## Work to complete
Reproduce the listing that follows, unchanged and complete.

## Collected material
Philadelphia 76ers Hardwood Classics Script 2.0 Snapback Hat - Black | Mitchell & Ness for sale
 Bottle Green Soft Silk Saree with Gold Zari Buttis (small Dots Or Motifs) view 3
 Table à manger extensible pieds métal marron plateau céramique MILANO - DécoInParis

## Output of the exercise
Philadelphia 76ers Hardwood Classics Script 2.0 Snapback Hat - Black | Mitchell & Ness for sale
 Bottle Green Soft Silk Saree with Gold Zari Buttis (small Dots Or Motifs) view 3
 Table à manger extensible pieds métal marron plateau céramique MILANO - DécoInParis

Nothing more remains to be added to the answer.